Does this mean the dull class is totally useless? Not at all! Even if something is boring or uninteresting, you can still take away something important from it – it just takes a little bit of work.
You’re more likely to find value in something and enjoy it if you can find purpose in it. While it may seem like there’s no purpose to a boring lesson, think about all the skills it can teach you. Maybe your vocabulary has improved, because of the difficult words the teacher uses that you have had to look up, or your notes have become much nicer looking because you’re taking a lot of time to write them down. And hey, it’s good that your handwriting has improved, because you want to be a doctor one day, and it’s important for people to be able to read what you write, so you did learn something useful after all.
When it comes to finding purpose in dull or frustrating activities, it can help to first identify your strengths, talents, and what’s most important to you. This will allow you to examine the situation and try to find ways it can be helpful for you.
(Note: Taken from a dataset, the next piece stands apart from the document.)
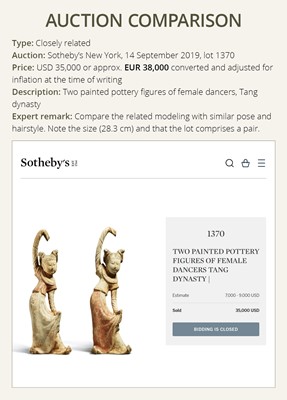Lot 434 - A PAINTED POTTERY FIGURE OF A DANCING LADY, TANG DYNASTY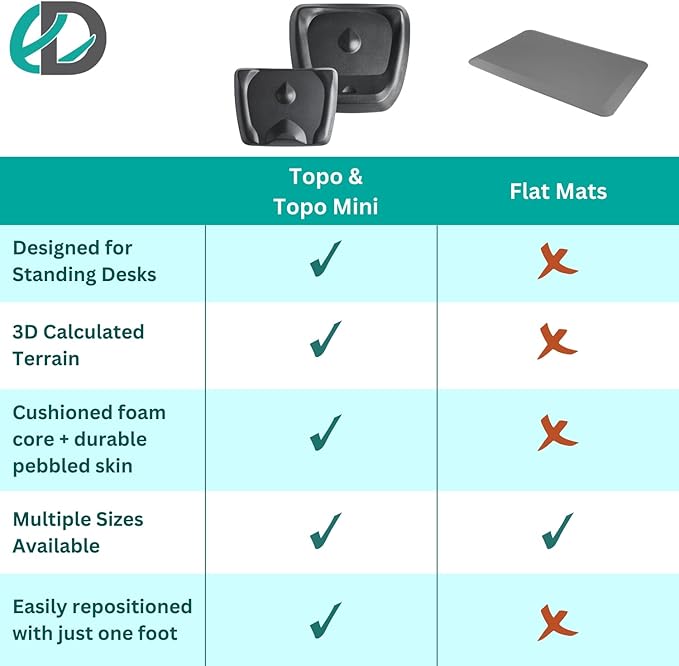 Topo Comfort Standing Desk Mat by Ergodriven | Not-Flat Anti-Fatigue Mat With Calculated Terrain | Office Accessories | Altostratus Grey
To get you started, try this activity created by Dr Alex Pattakos and Elaine Dundon in their book, Prisoners of Our Own Thoughts (which you can also find in Chinese): take a pen and paper and draw a mountain range. This represents your life. It has the peaks – which represent the positives – and the valleys, which are the lows. What events and people in your life have influenced you the most? Write these on the peaks. What has made you feel the most hurt, upset or disrespected? Write these in the valleys.
Now, see if you can find patterns in the names or events on the mountain peaks. Are there any themes or recurring values? How did you learn from and incorporate these ideas into your life? Then do the same for the valleys and ask yourself, what did you gain from these experiences or people? Even the most difficult experience can teach you something.
When you’re in a situation you don’t enjoy – such as a boring class – look back to the exercise with your peaks and valleys. Think about which values or goals are most important to you, and try to find ways that your current situation can help you achieve those goals. Examining your highs and lows, and seeing what you learned from them, can help you when you face similar conflicts in the future.